▶ **Data under study**
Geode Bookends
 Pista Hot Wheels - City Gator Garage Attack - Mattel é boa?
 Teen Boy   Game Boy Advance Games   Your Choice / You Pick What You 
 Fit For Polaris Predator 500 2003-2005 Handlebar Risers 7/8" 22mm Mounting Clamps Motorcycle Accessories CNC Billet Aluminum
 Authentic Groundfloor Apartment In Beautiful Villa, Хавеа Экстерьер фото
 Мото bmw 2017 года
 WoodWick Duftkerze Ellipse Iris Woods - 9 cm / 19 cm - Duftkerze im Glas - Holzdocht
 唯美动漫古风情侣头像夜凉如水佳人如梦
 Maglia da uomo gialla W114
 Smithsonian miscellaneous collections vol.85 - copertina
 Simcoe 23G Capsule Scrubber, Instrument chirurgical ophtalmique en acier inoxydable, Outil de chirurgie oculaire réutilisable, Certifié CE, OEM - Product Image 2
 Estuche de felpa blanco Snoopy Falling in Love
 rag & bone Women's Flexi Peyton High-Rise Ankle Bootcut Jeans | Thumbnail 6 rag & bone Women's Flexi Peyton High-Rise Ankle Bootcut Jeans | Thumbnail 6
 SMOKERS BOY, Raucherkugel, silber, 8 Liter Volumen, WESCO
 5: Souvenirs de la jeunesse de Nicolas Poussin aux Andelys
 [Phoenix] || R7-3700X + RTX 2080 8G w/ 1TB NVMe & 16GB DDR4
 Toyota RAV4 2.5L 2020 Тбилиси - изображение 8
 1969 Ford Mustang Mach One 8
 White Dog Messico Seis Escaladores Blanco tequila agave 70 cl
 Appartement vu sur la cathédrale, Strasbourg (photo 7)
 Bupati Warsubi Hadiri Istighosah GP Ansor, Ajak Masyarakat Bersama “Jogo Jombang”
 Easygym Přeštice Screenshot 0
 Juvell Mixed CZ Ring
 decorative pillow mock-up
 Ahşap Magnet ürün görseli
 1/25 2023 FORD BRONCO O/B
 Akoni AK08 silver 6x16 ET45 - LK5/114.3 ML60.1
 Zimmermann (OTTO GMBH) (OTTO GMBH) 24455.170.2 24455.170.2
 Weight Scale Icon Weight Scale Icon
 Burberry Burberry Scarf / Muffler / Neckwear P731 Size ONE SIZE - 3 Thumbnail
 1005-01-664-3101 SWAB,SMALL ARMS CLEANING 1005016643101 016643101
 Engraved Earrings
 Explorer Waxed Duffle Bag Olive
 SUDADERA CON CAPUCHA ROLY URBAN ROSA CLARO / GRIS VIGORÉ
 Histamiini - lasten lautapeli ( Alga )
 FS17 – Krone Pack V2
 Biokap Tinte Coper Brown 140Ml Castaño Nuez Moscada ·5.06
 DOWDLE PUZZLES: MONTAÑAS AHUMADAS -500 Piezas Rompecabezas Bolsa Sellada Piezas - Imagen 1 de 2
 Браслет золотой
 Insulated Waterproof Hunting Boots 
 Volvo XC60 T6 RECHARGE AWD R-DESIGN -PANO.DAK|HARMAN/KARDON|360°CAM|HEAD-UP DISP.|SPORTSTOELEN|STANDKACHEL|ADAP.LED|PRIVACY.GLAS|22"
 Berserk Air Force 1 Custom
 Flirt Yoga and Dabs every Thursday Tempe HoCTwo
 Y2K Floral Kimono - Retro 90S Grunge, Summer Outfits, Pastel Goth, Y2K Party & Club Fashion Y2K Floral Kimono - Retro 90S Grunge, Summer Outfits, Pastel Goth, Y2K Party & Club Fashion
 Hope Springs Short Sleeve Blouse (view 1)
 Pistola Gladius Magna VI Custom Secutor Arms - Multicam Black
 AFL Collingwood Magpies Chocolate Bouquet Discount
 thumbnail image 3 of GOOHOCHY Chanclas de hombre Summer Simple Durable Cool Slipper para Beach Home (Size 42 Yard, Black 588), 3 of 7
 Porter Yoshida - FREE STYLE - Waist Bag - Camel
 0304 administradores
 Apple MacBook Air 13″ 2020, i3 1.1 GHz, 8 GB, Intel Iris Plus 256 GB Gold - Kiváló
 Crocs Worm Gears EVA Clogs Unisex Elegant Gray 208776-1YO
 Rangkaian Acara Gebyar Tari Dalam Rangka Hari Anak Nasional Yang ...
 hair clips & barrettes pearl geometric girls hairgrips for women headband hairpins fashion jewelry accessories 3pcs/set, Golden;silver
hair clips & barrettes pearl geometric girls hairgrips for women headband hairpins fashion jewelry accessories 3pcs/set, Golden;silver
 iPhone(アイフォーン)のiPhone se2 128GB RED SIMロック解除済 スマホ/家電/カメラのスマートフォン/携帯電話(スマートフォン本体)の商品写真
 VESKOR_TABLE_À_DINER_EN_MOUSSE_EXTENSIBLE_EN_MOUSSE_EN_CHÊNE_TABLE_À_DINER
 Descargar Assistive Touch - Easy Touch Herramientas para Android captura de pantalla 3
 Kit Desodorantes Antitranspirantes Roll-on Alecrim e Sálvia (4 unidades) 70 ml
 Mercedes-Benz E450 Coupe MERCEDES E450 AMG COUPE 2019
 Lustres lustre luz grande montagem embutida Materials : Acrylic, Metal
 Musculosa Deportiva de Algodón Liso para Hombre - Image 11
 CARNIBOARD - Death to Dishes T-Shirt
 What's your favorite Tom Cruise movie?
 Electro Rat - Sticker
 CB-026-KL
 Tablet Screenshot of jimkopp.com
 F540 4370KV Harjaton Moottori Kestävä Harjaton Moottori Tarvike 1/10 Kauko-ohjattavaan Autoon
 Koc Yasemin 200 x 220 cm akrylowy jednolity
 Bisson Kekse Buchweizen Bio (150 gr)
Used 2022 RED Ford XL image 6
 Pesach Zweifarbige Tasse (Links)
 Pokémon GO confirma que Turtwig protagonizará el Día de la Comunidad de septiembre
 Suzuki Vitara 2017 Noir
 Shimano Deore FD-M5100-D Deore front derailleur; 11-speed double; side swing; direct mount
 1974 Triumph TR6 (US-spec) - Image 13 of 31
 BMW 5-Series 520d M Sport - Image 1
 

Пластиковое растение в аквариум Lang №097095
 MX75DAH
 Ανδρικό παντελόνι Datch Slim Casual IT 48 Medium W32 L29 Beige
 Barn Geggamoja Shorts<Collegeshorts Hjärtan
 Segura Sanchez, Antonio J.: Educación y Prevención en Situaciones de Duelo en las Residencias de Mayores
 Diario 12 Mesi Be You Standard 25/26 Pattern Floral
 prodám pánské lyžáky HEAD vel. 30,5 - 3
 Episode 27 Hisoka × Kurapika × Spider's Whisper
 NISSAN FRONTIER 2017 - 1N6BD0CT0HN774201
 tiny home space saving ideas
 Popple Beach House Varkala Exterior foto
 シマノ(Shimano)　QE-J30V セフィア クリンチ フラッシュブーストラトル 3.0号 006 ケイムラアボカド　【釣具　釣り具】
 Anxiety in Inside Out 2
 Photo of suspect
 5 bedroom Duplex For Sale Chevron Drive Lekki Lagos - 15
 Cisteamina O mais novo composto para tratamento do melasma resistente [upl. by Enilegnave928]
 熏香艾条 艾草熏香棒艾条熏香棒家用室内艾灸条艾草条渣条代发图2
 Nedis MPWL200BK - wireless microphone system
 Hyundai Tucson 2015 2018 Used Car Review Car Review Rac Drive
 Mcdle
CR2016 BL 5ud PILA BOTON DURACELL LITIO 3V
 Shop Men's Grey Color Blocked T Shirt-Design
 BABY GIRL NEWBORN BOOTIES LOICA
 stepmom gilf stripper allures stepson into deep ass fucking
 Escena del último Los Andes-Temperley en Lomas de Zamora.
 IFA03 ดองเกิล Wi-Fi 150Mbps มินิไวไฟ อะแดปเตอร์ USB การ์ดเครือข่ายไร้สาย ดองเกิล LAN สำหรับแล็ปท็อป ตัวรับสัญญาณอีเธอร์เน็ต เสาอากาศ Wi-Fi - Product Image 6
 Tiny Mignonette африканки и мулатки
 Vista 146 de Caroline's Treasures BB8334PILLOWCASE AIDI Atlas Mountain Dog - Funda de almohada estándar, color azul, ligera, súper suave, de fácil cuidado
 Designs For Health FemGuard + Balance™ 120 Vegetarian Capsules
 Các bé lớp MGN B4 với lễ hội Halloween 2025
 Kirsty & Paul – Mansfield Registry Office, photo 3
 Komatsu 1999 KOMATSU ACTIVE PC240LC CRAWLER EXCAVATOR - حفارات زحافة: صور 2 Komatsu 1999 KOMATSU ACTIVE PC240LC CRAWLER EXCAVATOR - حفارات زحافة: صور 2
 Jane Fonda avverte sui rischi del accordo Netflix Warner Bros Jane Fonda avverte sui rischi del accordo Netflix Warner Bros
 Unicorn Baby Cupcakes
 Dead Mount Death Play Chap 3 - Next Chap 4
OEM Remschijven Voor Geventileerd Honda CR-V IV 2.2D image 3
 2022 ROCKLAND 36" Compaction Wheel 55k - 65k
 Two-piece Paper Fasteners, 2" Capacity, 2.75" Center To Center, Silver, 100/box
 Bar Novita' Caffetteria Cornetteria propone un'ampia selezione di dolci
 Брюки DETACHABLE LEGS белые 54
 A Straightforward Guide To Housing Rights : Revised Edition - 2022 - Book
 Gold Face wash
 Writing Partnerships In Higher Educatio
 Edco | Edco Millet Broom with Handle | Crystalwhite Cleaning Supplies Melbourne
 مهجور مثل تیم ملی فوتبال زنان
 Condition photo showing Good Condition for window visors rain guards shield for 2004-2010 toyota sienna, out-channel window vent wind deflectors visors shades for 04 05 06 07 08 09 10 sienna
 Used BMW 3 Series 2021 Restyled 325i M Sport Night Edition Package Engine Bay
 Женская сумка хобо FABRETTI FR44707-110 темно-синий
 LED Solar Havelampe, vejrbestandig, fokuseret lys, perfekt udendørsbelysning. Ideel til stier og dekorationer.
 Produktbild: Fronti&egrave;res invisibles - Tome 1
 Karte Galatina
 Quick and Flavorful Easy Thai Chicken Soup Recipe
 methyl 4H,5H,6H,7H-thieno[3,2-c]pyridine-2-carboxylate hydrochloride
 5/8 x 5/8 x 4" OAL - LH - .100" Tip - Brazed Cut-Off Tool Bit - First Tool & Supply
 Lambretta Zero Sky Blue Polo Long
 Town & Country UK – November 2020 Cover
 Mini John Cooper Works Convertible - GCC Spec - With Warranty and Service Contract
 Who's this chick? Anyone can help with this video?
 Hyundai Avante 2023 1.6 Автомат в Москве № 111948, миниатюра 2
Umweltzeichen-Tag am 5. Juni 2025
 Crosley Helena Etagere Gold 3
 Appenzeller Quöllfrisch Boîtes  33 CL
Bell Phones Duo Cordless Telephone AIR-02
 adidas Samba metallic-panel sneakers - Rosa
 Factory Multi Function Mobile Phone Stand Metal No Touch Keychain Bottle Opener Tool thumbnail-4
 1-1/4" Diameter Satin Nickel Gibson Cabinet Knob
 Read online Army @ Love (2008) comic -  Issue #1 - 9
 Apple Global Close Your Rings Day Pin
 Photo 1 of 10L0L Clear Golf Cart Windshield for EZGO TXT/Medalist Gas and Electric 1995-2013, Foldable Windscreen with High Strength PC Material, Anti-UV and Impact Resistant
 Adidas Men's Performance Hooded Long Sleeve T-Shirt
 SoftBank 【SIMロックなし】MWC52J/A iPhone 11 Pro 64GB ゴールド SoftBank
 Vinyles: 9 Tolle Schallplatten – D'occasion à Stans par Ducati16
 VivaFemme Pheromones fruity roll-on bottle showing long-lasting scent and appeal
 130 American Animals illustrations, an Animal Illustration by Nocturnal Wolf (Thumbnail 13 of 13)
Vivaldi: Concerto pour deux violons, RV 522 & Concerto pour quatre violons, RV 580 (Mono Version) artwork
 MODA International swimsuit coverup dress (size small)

▶ **Work task**
All lines in the listing above from the line containing "Estuche de felpa" to the line containing "AFL Collingwood Magpies", inclusive, should be retyped exactly; no other lines should appear.

▶ **Solution for this task**
 Estuche de felpa blanco Snoopy Falling in Love
 rag & bone Women's Flexi Peyton High-Rise Ankle Bootcut Jeans | Thumbnail 6 rag & bone Women's Flexi Peyton High-Rise Ankle Bootcut Jeans | Thumbnail 6
 SMOKERS BOY, Raucherkugel, silber, 8 Liter Volumen, WESCO
 5: Souvenirs de la jeunesse de Nicolas Poussin aux Andelys
 [Phoenix] || R7-3700X + RTX 2080 8G w/ 1TB NVMe & 16GB DDR4
 Toyota RAV4 2.5L 2020 Тбилиси - изображение 8
 1969 Ford Mustang Mach One 8
 White Dog Messico Seis Escaladores Blanco tequila agave 70 cl
 Appartement vu sur la cathédrale, Strasbourg (photo 7)
 Bupati Warsubi Hadiri Istighosah GP Ansor, Ajak Masyarakat Bersama “Jogo Jombang”
 Easygym Přeštice Screenshot 0
 Juvell Mixed CZ Ring
 decorative pillow mock-up
 Ahşap Magnet ürün görseli
 1/25 2023 FORD BRONCO O/B
 Akoni AK08 silver 6x16 ET45 - LK5/114.3 ML60.1
 Zimmermann (OTTO GMBH) (OTTO GMBH) 24455.170.2 24455.170.2
 Weight Scale Icon Weight Scale Icon
 Burberry Burberry Scarf / Muffler / Neckwear P731 Size ONE SIZE - 3 Thumbnail
 1005-01-664-3101 SWAB,SMALL ARMS CLEANING 1005016643101 016643101
 Engraved Earrings
 Explorer Waxed Duffle Bag Olive
 SUDADERA CON CAPUCHA ROLY URBAN ROSA CLARO / GRIS VIGORÉ
 Histamiini - lasten lautapeli ( Alga )
 FS17 – Krone Pack V2
 Biokap Tinte Coper Brown 140Ml Castaño Nuez Moscada ·5.06
 DOWDLE PUZZLES: MONTAÑAS AHUMADAS -500 Piezas Rompecabezas Bolsa Sellada Piezas - Imagen 1 de 2
 Браслет золотой
 Insulated Waterproof Hunting Boots 
 Volvo XC60 T6 RECHARGE AWD R-DESIGN -PANO.DAK|HARMAN/KARDON|360°CAM|HEAD-UP DISP.|SPORTSTOELEN|STANDKACHEL|ADAP.LED|PRIVACY.GLAS|22"
 Berserk Air Force 1 Custom
 Flirt Yoga and Dabs every Thursday Tempe HoCTwo
 Y2K Floral Kimono - Retro 90S Grunge, Summer Outfits, Pastel Goth, Y2K Party & Club Fashion Y2K Floral Kimono - Retro 90S Grunge, Summer Outfits, Pastel Goth, Y2K Party & Club Fashion
 Hope Springs Short Sleeve Blouse (view 1)
 Pistola Gladius Magna VI Custom Secutor Arms - Multicam Black
 AFL Collingwood Magpies Chocolate Bouquet Discount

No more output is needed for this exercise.